Jarvis began his professional stage career as Rolf in the 1966 Music Fair Circuit Production of Rodgers and Hammerstein's The Sound of Music.
He made his Broadway debut at the Billy Rose Theatre as Rabbit Holman in the original production of Terrence McNally's 1968 musical Here's Where I Belong.

In February 1969 he performed the role of the Courier in the world premiere of the musical 1776 at the National Theatre in Washington, D.C. In The Frederick News-Post's review of the premiere, the paper stated: One of the most poignant moments comes when a young courier (Scott Jarvis) sings "Momma Look Sharp". He is describing himself as a soldier who is shot by the British up in New England and how he hears his mother coming towards him as he lays dying in the grass.

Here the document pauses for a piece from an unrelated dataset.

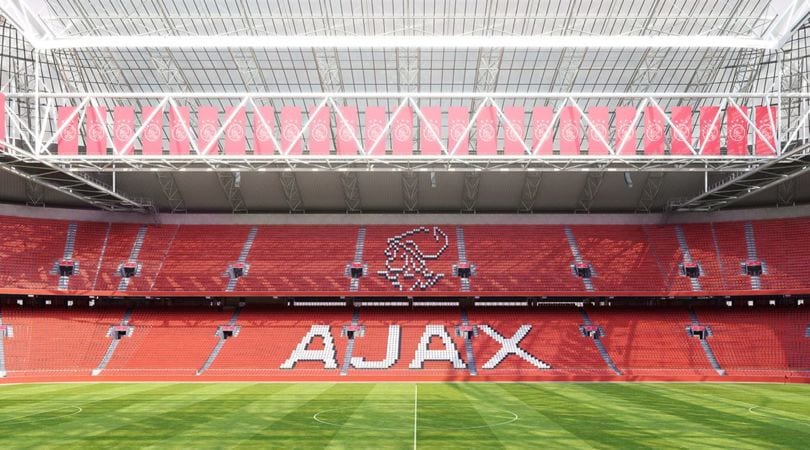 Nissan illumina l'Arena dell'Ajax con le batterie della Leaf
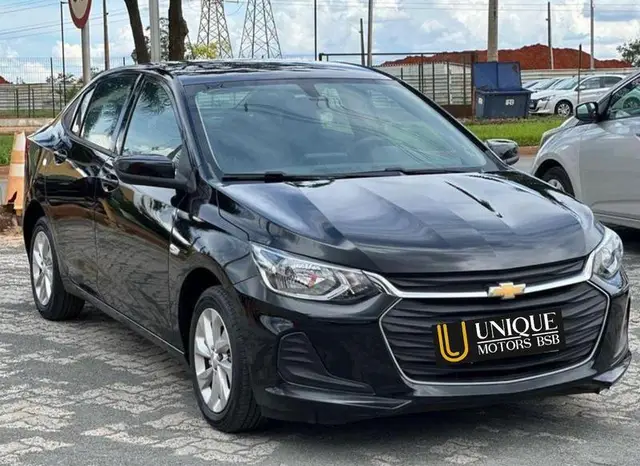 Carro Chevrolet Onix Plus 2023 LT 1.0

Jarvis was more than moving.

In celebration of Presidents' Day in February 1969, 1776 was performed at the White House for Richard Nixon. Due to anti-war material in the play, White House officials requested that portions of Jarvis's role be cut for its White House presentation, specifically the part where the Courier delivers an anti-American Revolutionary War petition. In an interview in the Anderson Herald Bulletin Jarvis stated he was angered by the request because he was a "member of the Vietnam Moratorium".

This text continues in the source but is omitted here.